May be. Anyways, I think this discussion is not going anywhere. We both are repeating ourselves and it is not making any sense now so I will be dropping out of here now.


----------



## vignesh (Mar 14, 2006)

I don`t think the OS is crippled but it will have a low audience..


----------



## knight17 (Mar 16, 2006)

> So what did the author of the original article say? He said exactly the same thing that someone will install Vista only if he is upgrading his hardware. Why were you disagreeing then? What was the point of that specific part of your post?



I think he told in such a manner that windows vista wont be loaded  on underpowerd machines.But as i have said you only have to sacrifice visual appeals of the OS if you are using a slow system.


----------



## rajesh_nk22 (Mar 16, 2006)

From the replies above it looks, linux users are against MS and they will always compain of new products from MS.

I dont know what people get by thinking bad of others.  If you dont like vista, dont use it man, go for linux, who stops u from doing that.

I dont hate linux, i am a linux fan, but i dont like someone call windows xp inferior than linux.


----------



## Satissh S (Mar 16, 2006)

@rajesh:
1. Nobody here is against Windows, we don't compell anyone to use Linux and avoid windows, the choice of course is that of the user.. 

2. It's microsoft which is making the fool of everyone in the world. They are promoting their usual FUD (Fear Uncertainity and Doubt) campaign against linux, and of-course their usual TCO campaign. 
We don't gain by getting any bad of others but M$ is doing all this to maintain a monopoly and strangle hold of the market.
See: proof of M$'s bad monopolistic behaviour in the haloween documents' link given above.

3. 





> but i dont like someone call windows xp inferior than linux


Truth is bitter and truth is truth.. you have to accept it. Any unix, let alone linux is any day better than Dos and Windows.


----------



## knight17 (Mar 16, 2006)

eddie said:
			
		

> No!!! I am saying that if I don't have the hardware then why should I use it in some compatibility mode? It just makes it crippled and why should I pay for it?



Suppose you have a game which supports playing it via a gamepad,and you dont have one then can you call it as a crippled one ?



			
				eddie said:
			
		

> It is common business? Ever thought that if your dad was doing some small business and a big businessman forced him out of it cos of false cases, then what will happen? If you see your family struggling to meet their basic needs cos of that one man...will you say the same thing at that time as well? I wonder...

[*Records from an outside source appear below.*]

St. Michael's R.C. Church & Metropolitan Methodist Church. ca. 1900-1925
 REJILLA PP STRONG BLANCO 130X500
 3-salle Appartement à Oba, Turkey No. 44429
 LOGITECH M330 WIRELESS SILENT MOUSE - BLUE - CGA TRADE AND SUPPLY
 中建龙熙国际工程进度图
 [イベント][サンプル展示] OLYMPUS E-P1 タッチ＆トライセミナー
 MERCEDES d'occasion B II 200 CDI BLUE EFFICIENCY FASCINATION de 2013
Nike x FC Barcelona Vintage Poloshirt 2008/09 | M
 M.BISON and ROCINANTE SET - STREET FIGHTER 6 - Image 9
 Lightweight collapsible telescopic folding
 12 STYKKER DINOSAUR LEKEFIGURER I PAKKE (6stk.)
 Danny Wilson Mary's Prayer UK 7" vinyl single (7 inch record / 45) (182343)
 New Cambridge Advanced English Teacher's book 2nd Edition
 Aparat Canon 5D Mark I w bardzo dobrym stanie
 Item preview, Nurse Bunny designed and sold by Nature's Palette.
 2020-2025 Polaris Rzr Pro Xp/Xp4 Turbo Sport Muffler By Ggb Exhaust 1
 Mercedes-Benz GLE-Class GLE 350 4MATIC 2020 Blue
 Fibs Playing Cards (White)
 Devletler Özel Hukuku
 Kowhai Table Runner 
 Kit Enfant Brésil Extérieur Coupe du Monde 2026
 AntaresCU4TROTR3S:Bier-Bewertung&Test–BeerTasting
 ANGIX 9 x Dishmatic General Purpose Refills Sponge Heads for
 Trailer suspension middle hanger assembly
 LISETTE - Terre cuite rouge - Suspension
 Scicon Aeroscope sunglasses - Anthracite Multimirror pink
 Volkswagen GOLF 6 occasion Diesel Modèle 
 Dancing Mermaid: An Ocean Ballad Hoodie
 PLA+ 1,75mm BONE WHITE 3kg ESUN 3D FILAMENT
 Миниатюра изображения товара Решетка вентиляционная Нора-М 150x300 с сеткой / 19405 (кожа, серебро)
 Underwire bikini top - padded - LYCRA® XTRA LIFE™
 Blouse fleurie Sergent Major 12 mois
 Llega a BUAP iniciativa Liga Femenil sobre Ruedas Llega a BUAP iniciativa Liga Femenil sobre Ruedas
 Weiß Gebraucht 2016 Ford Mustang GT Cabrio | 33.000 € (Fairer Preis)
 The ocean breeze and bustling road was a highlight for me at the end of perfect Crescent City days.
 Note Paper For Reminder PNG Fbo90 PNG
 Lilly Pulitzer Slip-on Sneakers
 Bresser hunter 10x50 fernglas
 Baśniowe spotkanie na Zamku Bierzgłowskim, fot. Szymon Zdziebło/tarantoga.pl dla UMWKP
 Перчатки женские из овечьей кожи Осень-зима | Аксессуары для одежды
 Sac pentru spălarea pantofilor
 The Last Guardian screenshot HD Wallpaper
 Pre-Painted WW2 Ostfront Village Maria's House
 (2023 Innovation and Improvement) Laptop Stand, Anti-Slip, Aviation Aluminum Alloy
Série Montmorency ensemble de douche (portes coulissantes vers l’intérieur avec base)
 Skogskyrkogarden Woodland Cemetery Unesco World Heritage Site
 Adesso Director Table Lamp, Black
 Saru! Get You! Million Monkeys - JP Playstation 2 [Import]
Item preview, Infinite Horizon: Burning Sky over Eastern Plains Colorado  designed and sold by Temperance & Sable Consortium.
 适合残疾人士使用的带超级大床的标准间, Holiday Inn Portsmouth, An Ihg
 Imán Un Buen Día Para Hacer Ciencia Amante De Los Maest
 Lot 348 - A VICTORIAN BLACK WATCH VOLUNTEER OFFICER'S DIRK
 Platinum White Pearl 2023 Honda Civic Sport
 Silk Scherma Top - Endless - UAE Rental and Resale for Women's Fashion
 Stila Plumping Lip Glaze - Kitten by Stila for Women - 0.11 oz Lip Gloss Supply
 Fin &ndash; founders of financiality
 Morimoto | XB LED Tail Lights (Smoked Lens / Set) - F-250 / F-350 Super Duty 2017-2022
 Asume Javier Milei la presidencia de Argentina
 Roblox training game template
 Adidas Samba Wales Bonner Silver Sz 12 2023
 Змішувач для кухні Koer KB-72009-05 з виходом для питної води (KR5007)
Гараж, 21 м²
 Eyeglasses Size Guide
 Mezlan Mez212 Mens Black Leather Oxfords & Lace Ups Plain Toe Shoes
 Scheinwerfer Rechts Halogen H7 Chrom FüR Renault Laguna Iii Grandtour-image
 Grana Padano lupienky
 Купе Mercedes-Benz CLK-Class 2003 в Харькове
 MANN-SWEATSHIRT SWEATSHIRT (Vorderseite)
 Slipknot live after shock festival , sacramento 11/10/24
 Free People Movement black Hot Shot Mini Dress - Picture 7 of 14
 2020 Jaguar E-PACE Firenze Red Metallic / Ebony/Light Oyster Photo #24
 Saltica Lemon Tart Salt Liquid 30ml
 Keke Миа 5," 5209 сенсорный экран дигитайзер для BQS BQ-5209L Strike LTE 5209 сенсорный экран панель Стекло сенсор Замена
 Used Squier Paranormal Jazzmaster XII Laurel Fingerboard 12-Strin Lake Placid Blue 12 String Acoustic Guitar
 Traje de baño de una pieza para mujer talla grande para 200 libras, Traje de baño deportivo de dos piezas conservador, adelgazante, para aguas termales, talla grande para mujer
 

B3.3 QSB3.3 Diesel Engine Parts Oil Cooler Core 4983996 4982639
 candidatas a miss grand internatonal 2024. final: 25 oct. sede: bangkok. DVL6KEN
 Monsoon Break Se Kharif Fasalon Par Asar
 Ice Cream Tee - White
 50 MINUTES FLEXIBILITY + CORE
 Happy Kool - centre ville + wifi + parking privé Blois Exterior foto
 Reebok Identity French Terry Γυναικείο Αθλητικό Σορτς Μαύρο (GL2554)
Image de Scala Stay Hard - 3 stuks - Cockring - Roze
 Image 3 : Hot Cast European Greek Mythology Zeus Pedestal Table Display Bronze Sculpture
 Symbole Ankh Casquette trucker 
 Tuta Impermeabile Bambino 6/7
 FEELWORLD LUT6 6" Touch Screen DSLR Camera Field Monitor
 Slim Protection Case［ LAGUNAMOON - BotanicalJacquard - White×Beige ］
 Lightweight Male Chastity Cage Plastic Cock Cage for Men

Microsoft also was once a small company which only have less than 50 employees,Now after 30 years it has conquerd the whole software world,They have 50.000+ employees across the globe now.They worked hard So they are in the current position.


----------



## eddie (Mar 19, 2006)

knight17 said:
			
		

> Suppose you have a game which supports playing it via a gamepad,and you dont have one then can you call it as a crippled one?


If I don't have a gamepad and I still go out to buy this game, then use it using it in some compatibility mode which reduces its functionality to less than 50%, then the game becomes crippled for me. Isn't it? Why should I pay for this crippled game then? This was the point of the author of the article as well. He wanted to tell you that people will not buy vista until they are upgrading their PC. What was so wrong in that? I don't understand...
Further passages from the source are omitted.